Hein Aucamp, Perth City Chapter, submitted this as a comment to the last post but I think it contains ideas that are important enough to warrant a post of its own. Hope you all agree. Penny
Silo! We use this word to indicate a situation in which efficiency and conclusions are impaired because cloistering prevents us from including all the required factors.
If you stand at the top of a silo and look down inside, you see a tiny horizon, much smaller than the surrounding landscape.
Our manner of talking – our language and choice of vocabulary – can be revealing about our perspective. It can show how much we can see and how many relevant factors we are taking into account.
I remember being at an AIFMG training course in 2012. There was a discussion about whether a road is really an asset. From a Local Government’s point of view, why isn’t a road considered a liability? After all, it requires effort and expenditure, it must be maintained, and it must be replaced. Should it really be called an asset?
But from a wider perspective a useful road is definitely an asset. We can easily see this, because when it is consumed, the community wants another one. Of course an asset has associated costs; that in itself does not make it a liability. What makes it an asset is that its benefits outweigh the costs.
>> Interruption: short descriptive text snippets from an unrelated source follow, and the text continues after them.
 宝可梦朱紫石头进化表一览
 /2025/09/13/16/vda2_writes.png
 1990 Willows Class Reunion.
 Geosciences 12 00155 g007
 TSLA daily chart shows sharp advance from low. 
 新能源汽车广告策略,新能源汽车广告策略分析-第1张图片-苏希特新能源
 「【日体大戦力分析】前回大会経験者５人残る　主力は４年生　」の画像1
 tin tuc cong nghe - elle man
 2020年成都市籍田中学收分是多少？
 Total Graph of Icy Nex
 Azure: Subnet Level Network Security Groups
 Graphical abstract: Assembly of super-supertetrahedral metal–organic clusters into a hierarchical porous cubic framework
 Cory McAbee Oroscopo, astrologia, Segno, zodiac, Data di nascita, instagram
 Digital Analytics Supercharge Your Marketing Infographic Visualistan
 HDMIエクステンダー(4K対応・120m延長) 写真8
Now look at the dangers of the silo effect in the discussion about the road. From the limited perspective of the asset custodian it would be much easier to entertain the notion that a road is a liability. The custodian bears the burden of the effort and records the expenditure. But when we extend our horizon to include all the relevant factors and actors, we see that it is an asset.
The comparison between road and rail in the last post is an interesting case study. May I venture to say that it is always possible, by drawing a small enough perimeter, to decide that any piece of infrastructure is a liability? The perspective just needs to be small enough to exclude the funding mechanism and the benefits to the end users.
In the road vs rail example mentioned, the economist unconsciously placed a circle of reasoning around both road and rail. In the road circle, he discovered a satisfactory funding mechanism; in the rail circle, he did not. So he reached his conclusion because he was looking for local net benefits. If on the other hand he had used a horizon instead of a silo, he would have been looking for system-wide benefits.
(Admittedly, it is much harder to comprehend funding mechanisms and benefits that are outside your silo even if inside your horizon.)